**Exercise data**.
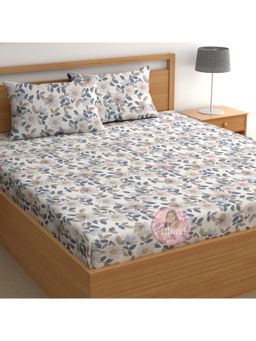 CHHAVI INDIA - Microfiber Double Bedsheet With 2 Pillow Covers Muted Blue & Beige Floral Print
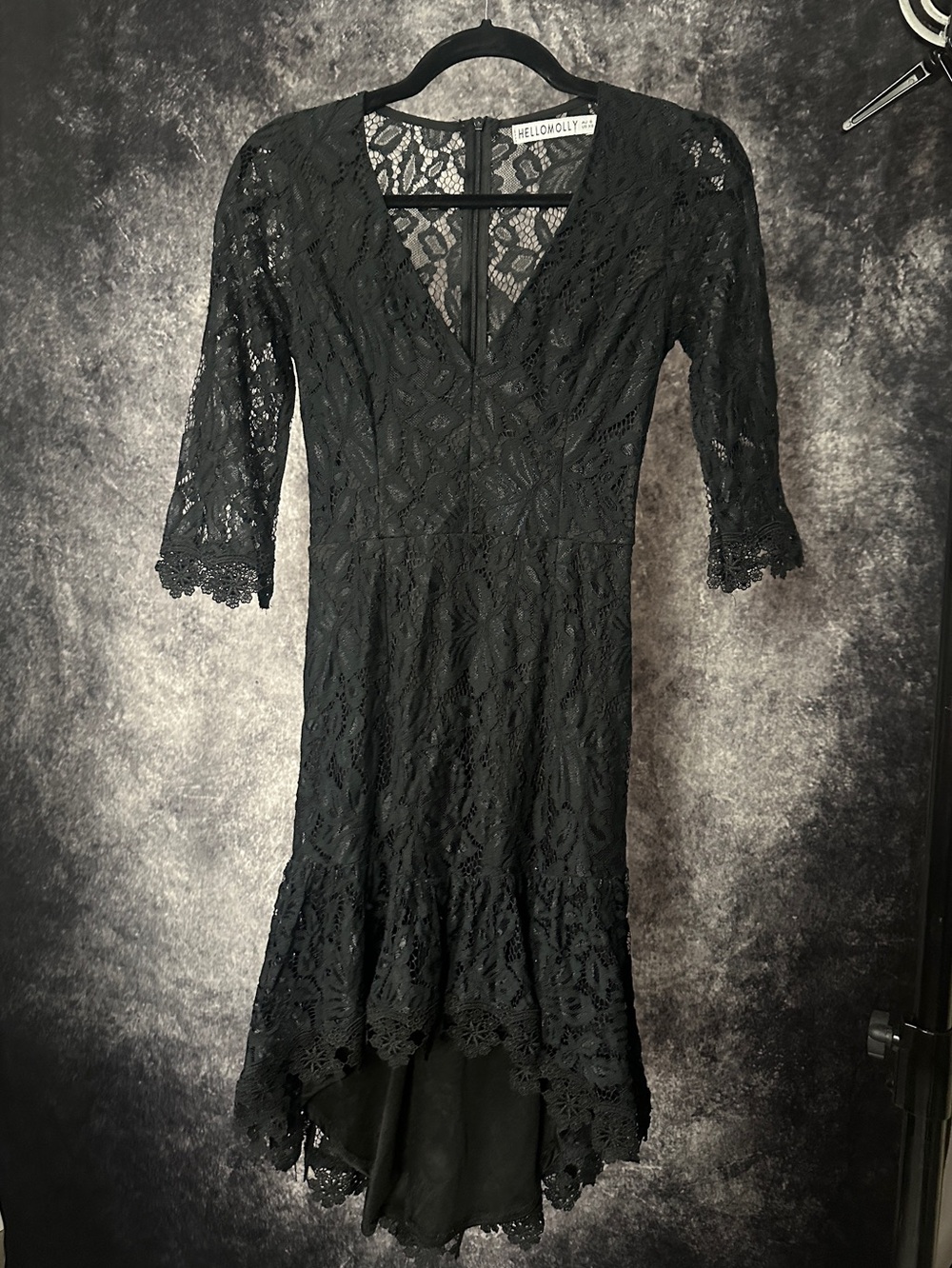 Hello Molly Black Lace High-Low Dress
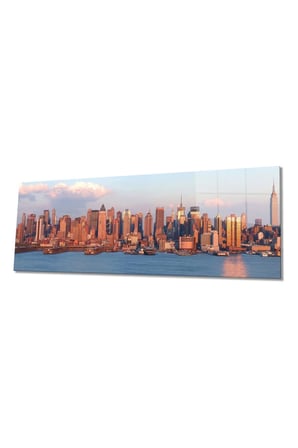 New York Gökdelenleri Panoramik Cam Tablo, Temperli ve Rodajlı Dayanıklı Cam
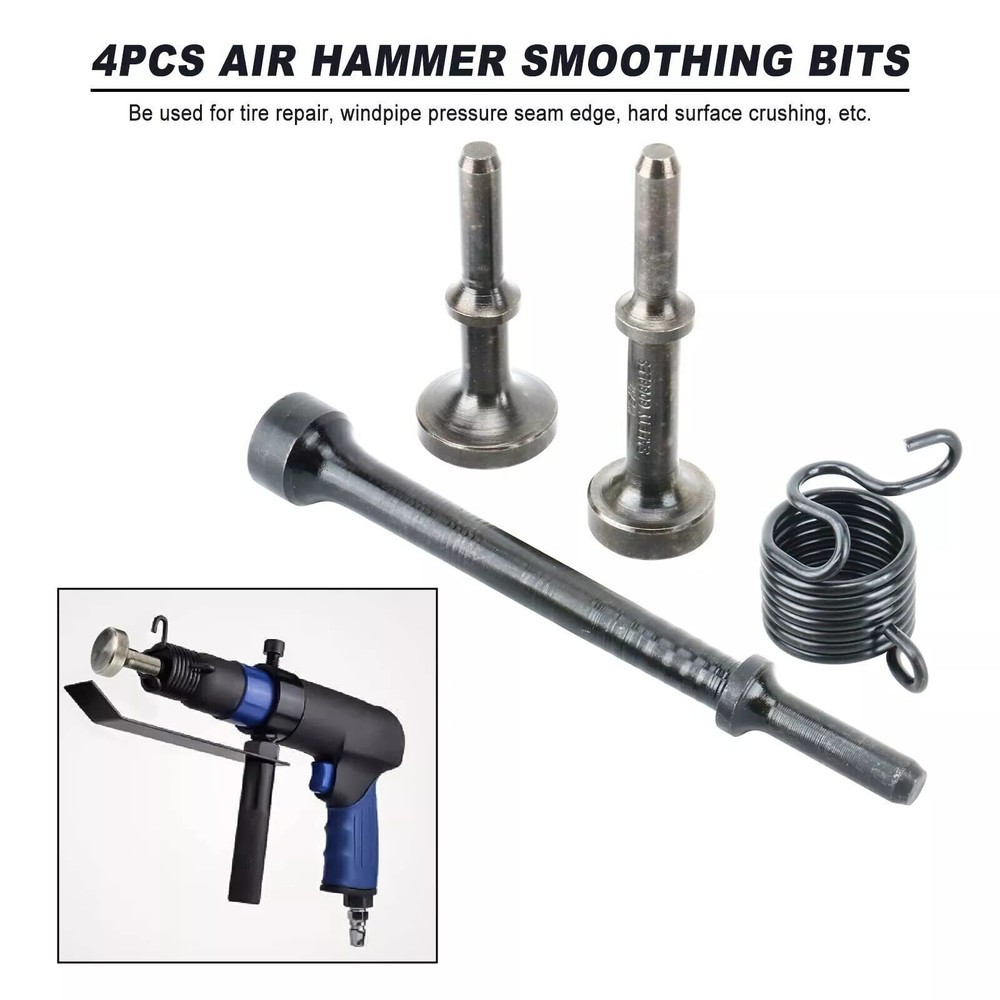 4Pack Smoothing Pneumatic Air Hammer Bits Air Chisel Bits Tool Set with Spring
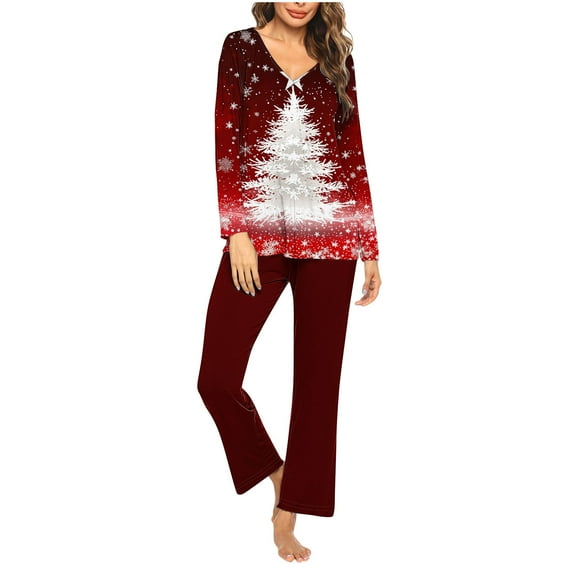 Hueook House Dresses for Women Women Christmas Printed V-neck Casual Long Top Pants Pajama Set Multicolor L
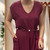 MADE IN ITALY WINE PEARL BELT WIDE LEG V NECK JUMPSUIT - onesize fits 8-20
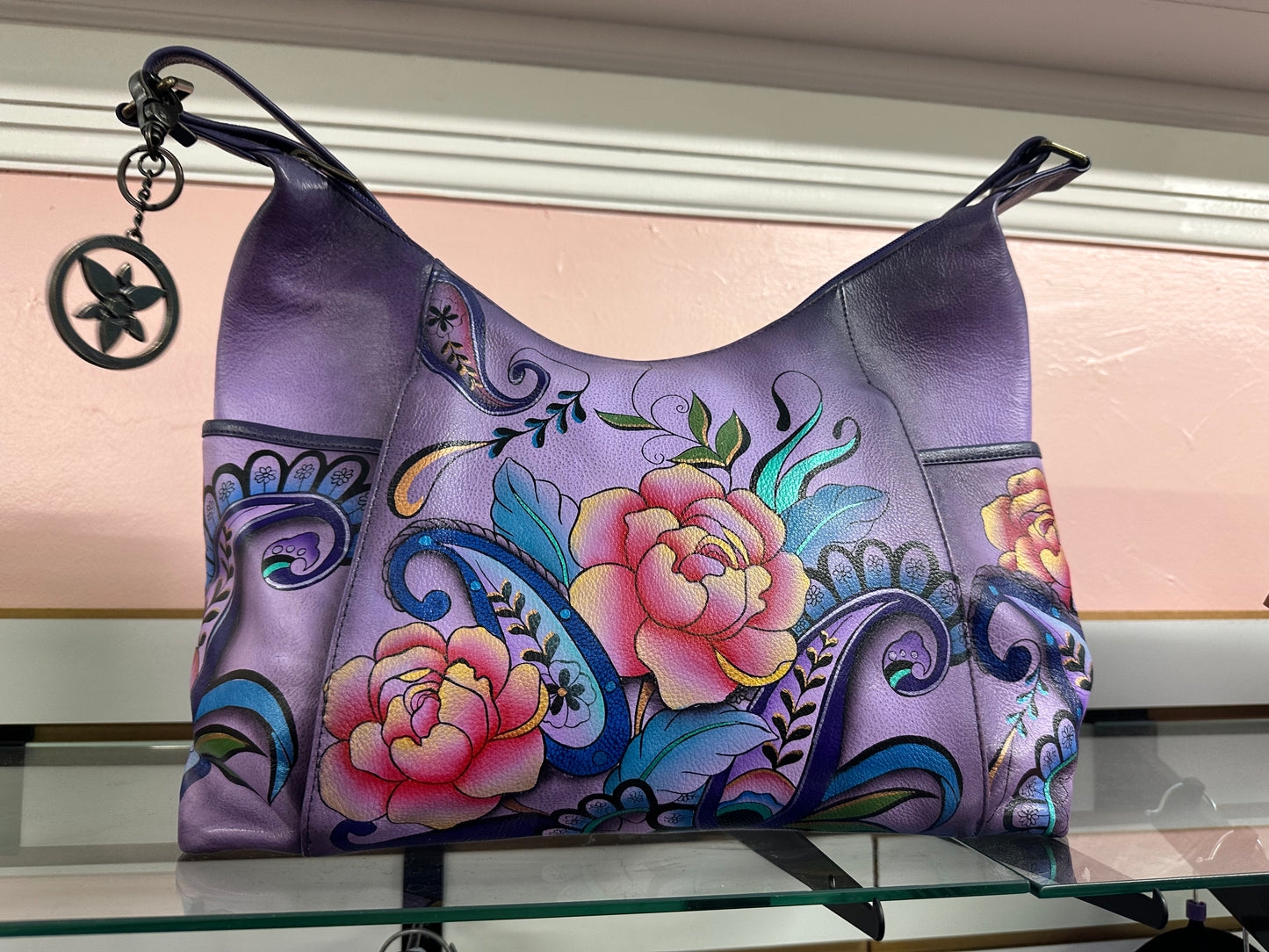 Anuschka Peonies and Paisleys Handpainted Leather Hobo Bag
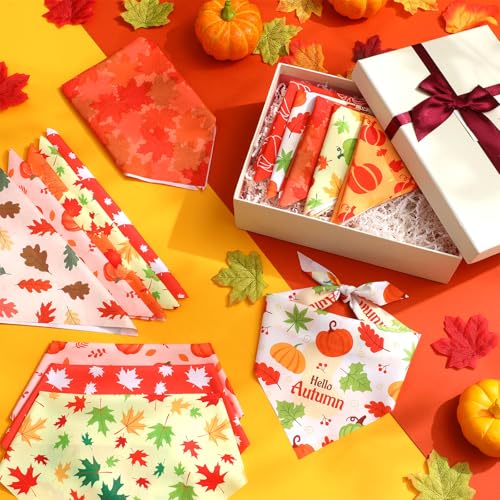 50 Pcs Thanksgiving Fall Dog Bandanas Bulk for Dogs Autumn Soft Bibs Adjustable Triangle Pet Bandana for Small Medium Large Costume (Leaves Pattern / 25.6 x 17.7 x 17.7 Inch)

**What needs to be done**.
Repeat exactly the lines above, beginning at the one containing "New York Gökdelenleri" and ending at the one containing "Anuschka Peonies and". Do not carry over any pictures.

**Exercise solution**.
 New York Gökdelenleri Panoramik Cam Tablo, Temperli ve Rodajlı Dayanıklı Cam
 4Pack Smoothing Pneumatic Air Hammer Bits Air Chisel Bits Tool Set with Spring
 Hueook House Dresses for Women Women Christmas Printed V-neck Casual Long Top Pants Pajama Set Multicolor L
 MADE IN ITALY WINE PEARL BELT WIDE LEG V NECK JUMPSUIT - onesize fits 8-20
 Anuschka Peonies and Paisleys Handpainted Leather Hobo Bag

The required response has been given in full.